Did Hurricane Electric and Global Crossing know about this prior to the Washington Post getting involved?
Does a bear **** in the woods?

Of course they did. They didn't care. As long as they kept getting paid for the pipe, and weren't getting bad publicity from it, they just kept looking the other way.
Now all of a sudden one of the media's heavy hitters gets involved, and OMG!!!

Shock and horror!!! HE and GLBX realize the jig is up, and 'golly gee, we should shut these Bad People down.' *snicker*
HE and GLBX are classic examples of companies which will partake in improper, immoral, unethical and even illegal activities so long as the benefits outweigh the costs. And no, I don't for a minute believe that they'd never, ever previously been told of spam coming from this facility.

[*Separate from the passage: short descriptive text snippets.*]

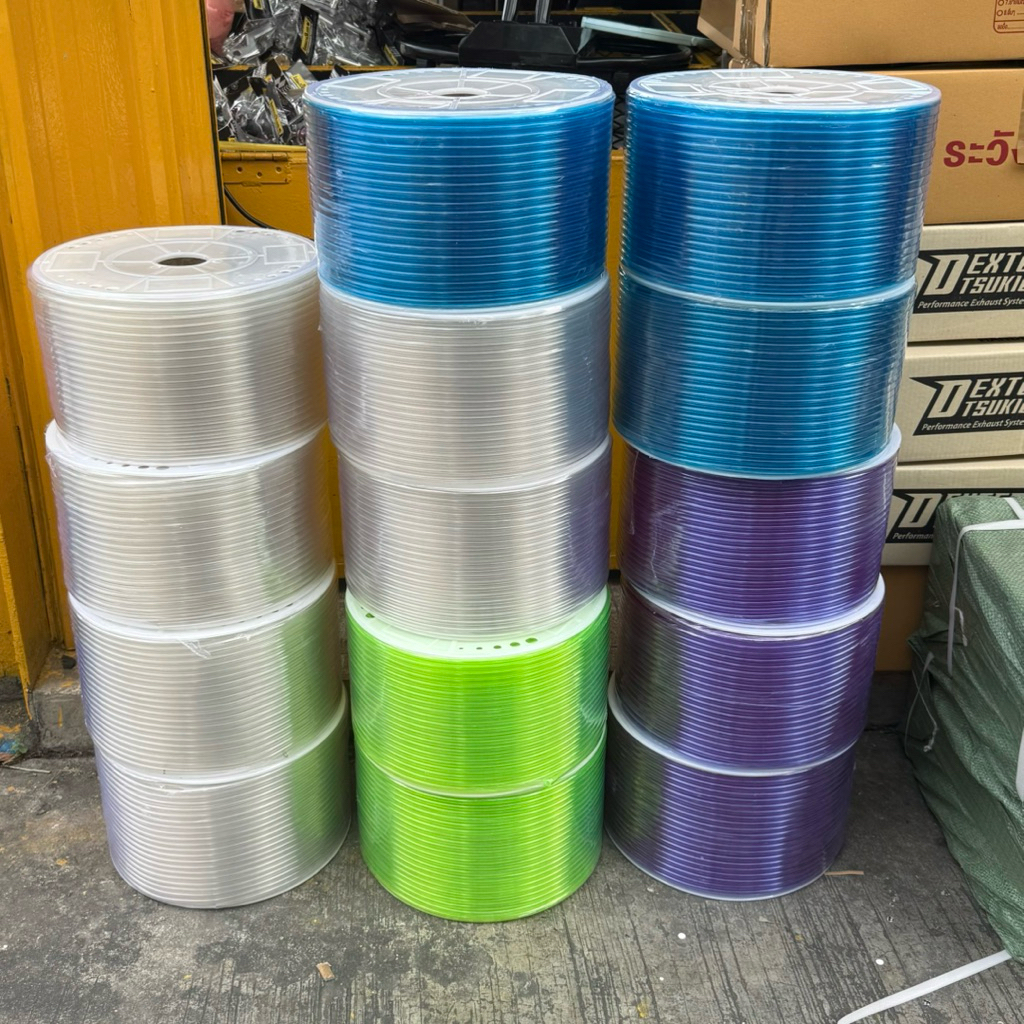 สายน้ำมันใส ทน E85 E20 GAS91 GAS95 ขนาด 5x8MM แบบแบ่งขาย 1/2/3/4/5/10เมตร ทนแรงดันสูงรองรับ e85 e20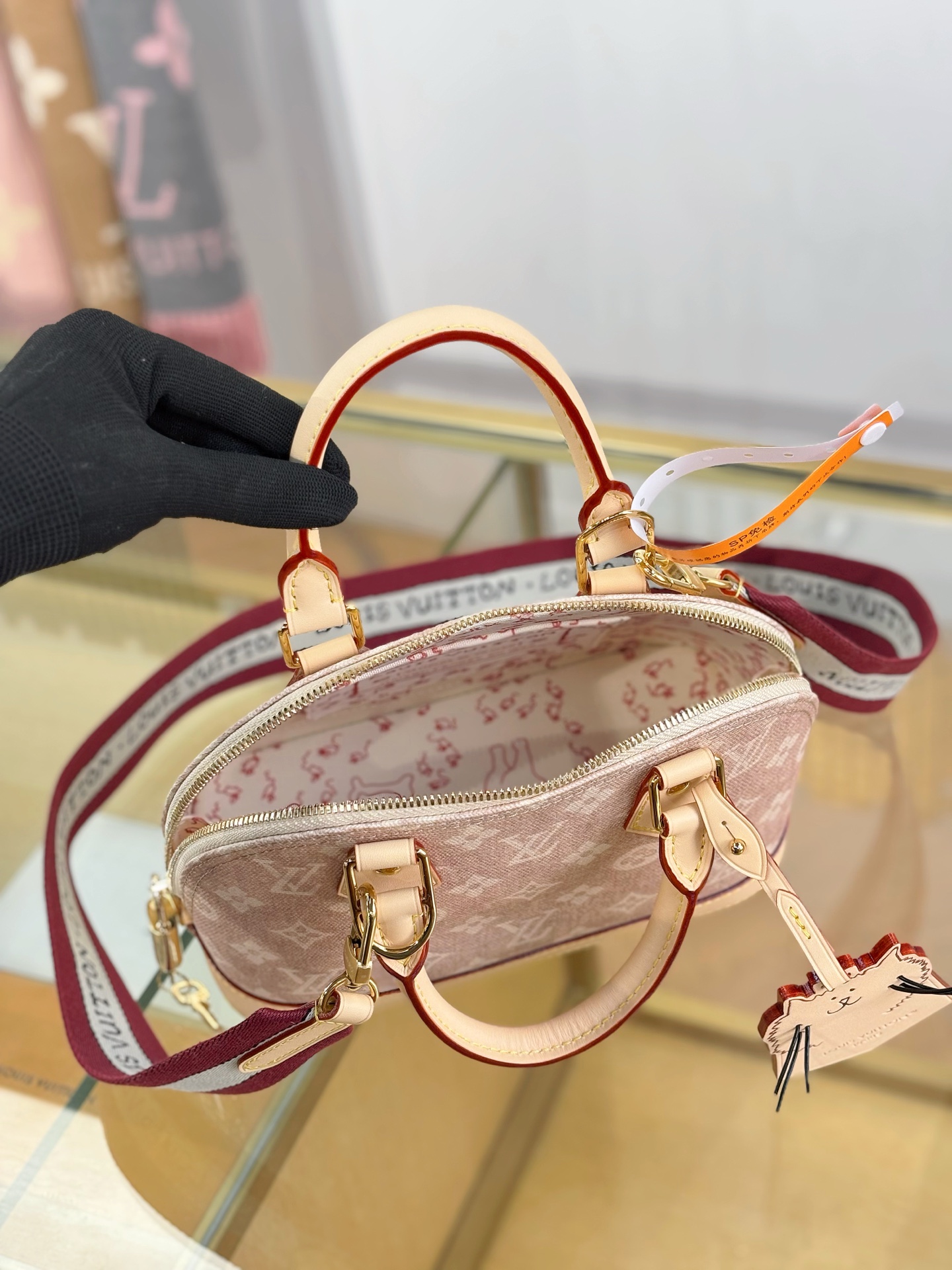 [TOP] Louis Vuitton LV Alma BB Bag Monogram Canvas 23.5X17.5X11.5cm - Apricot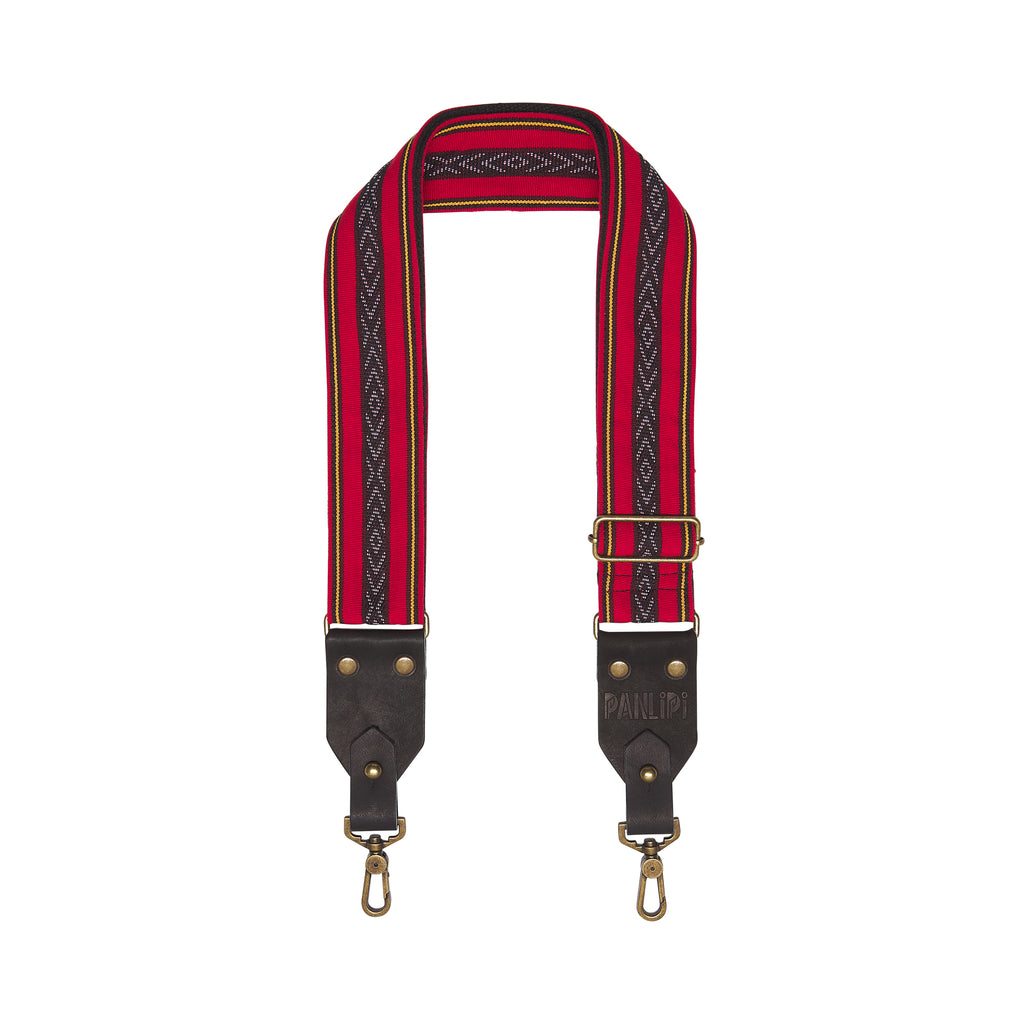 Handmade Panlipi Strap Baguio Loom Weave Cuabao Red BaguBag03 Bag Strap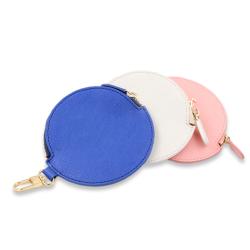 mini round coin wallet small customized vegan leather coin purse for ladies promotional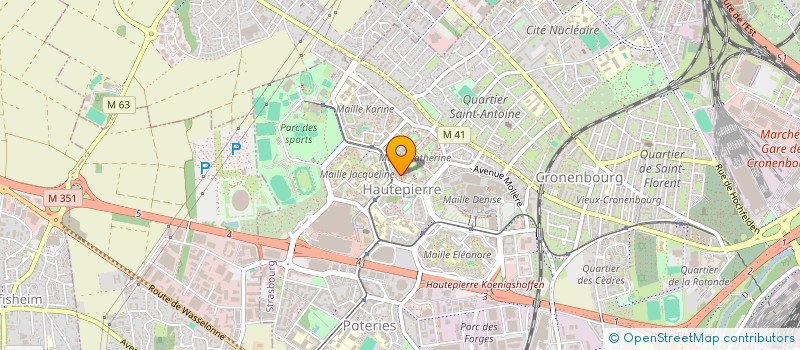 localisation de l'entreprise TAXI EM à STRASBOURG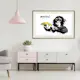 Poster Artgeist Affisch Banksy Monkey with Banana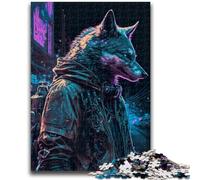 Puzzle per adolescenti 1000 pezzi Lupo Umano Gioco impegnativo e gioco per famiglie Decorazione da parete Regali unici per compleanno e Natale 50x75cm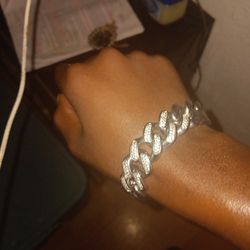 Jcm Shaq Stainless Steel Diamond Bracelet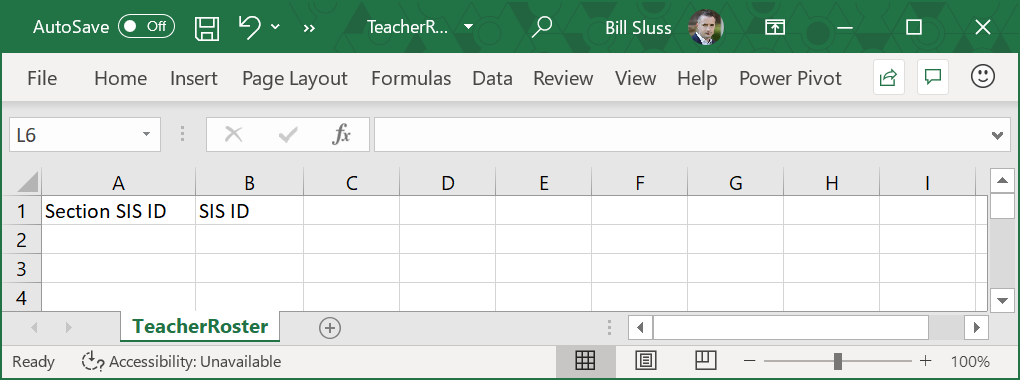 fichier csv de la liste des enseignants.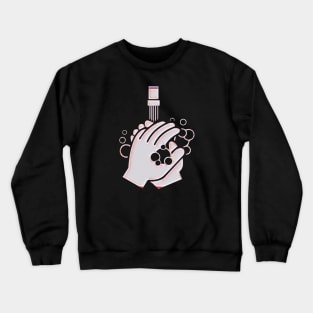 hand washing Crewneck Sweatshirt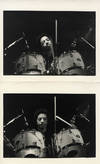 TONY WILLIAMS PLAYING THE DRUMS (ca. 1975) Set of 2 photos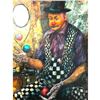 Image 1 : Mid 20thc Russian Signed Painting, Clown Juggler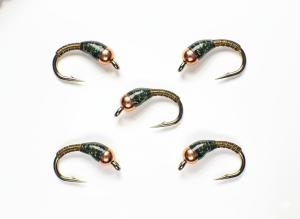 Copper Olive Tungsten Nymphs for Trout Fishing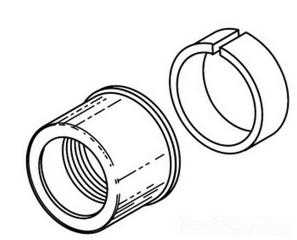 0302109 Sloan B-7-A Socket Assembly 0302109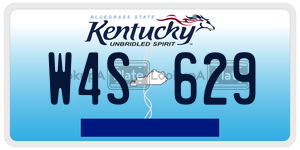 W4S629  license plate in KY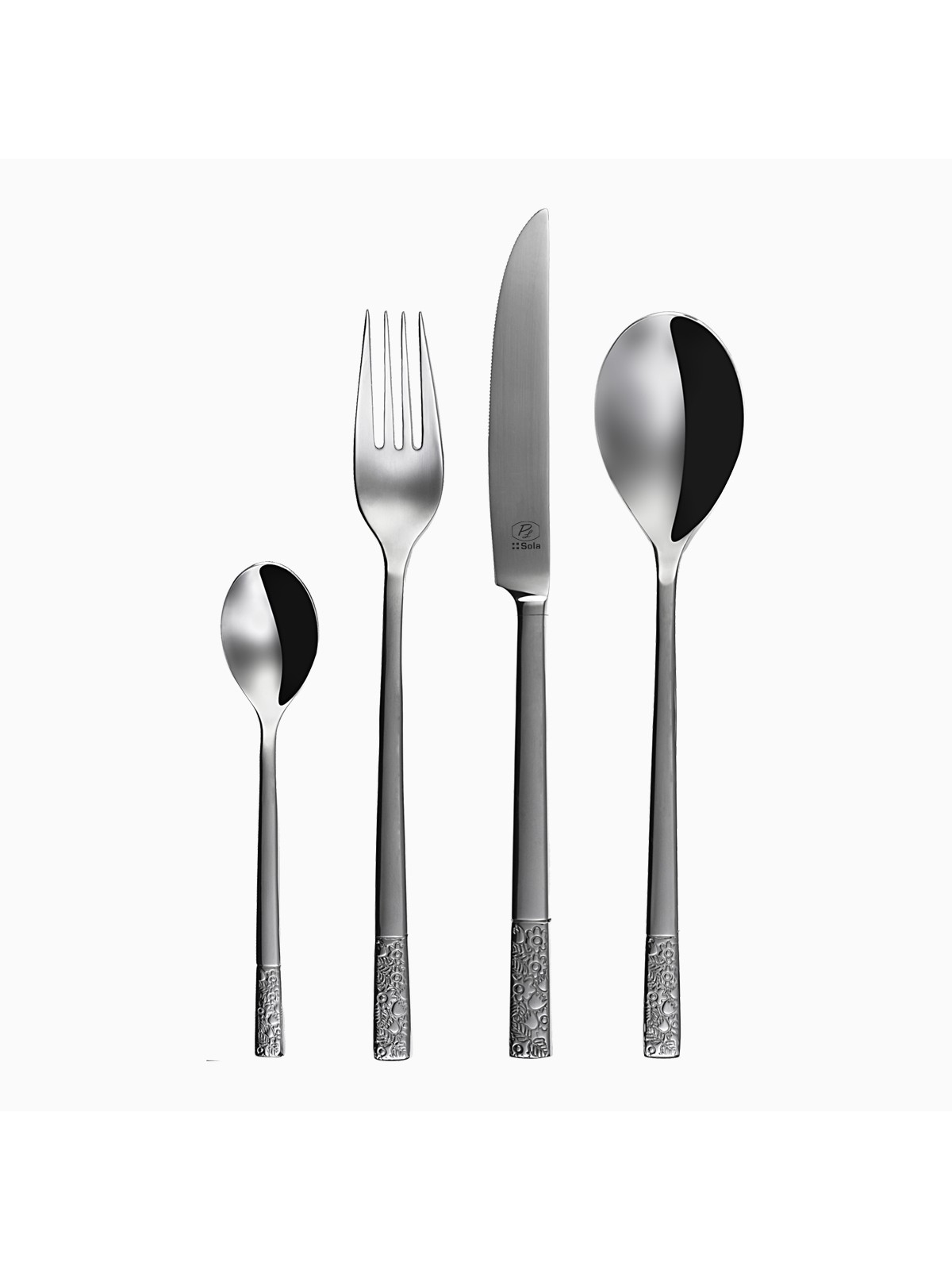 Sola Fiori Cutlery Set 24 Pieces. mirror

I've worked abuse desks, I know how aggressively providers report this stuff ......... I've personally reported hundreds of spams to Hurricane Electric over the past 3 years, and they've all been completely ignored (based on the fact I have never seen a site removed from their network/downstream based on a report I sent to them.)
So, good for the Washington Post for getting this facility shut off, but, shame on HE and GLBX for letting it go so long that it took the *Washington Post* sniffing around to make them take action.
Incidentally, my inbox volume is down 38% today, and what was noticeably missing is: SPAM.

There were very few spams; all that was left was legit stuff - company email and various newsletters I'm subscribed to.
Even much more telling, on our busiest shared server, today we've received only 35% of the raw mail volume as we received yesterday. 35% of yesterday!!

Granted we still have 6.3 hours to go in the day, but we don't normally get a huge email spike in the evening

it's a sure bet that gross volume will be way down for the day.
I'm going to watch and graph this, and blog about it... this is incredible.